EXERCISE DIRECTIONS: Retype every entry word for word. Omit the pictures.
--------
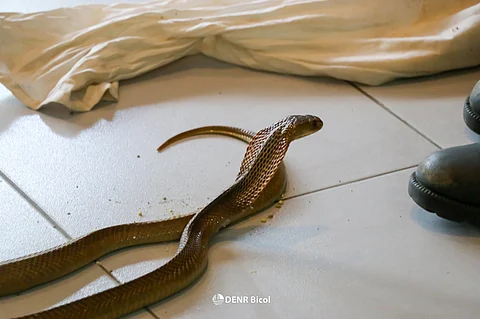 A juvenile Northern Philippine Cobra (Naja philippinensis) that was turned over to DENR Bicol.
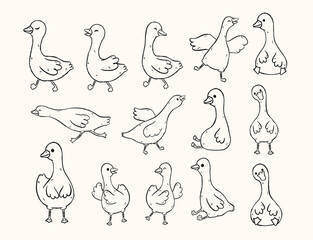 Playful and Whimsical Silly Goose Outline Clipart, Adorable Hand Drawn Doodle Set © Natsicha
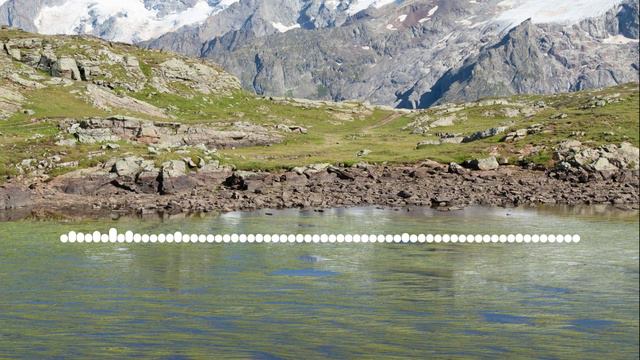 Абидат Шахбанова - Мы вместе 2024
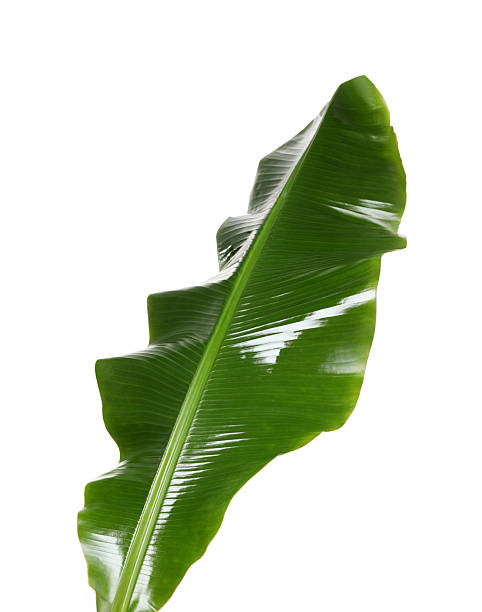 istock Fresh green banana tree leaf isolated on white 2235874107
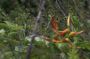 Nic - 180 * Hummingbird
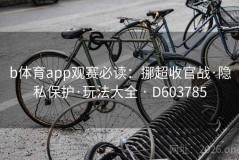 b体育app观赛必读：挪超收官战·隐私保护·玩法大全 · D603785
--------
SOLUTION TO THIS EXERCISE:
 A juvenile Northern Philippine Cobra (Naja philippinensis) that was turned over to DENR Bicol.
 Playful and Whimsical Silly Goose Outline Clipart, Adorable Hand Drawn Doodle Set © Natsicha
 Абидат Шахбанова - Мы вместе 2024
 istock Fresh green banana tree leaf isolated on white 2235874107
 Nic - 180 * Hummingbird
 b体育app观赛必读：挪超收官战·隐私保护·玩法大全 · D603785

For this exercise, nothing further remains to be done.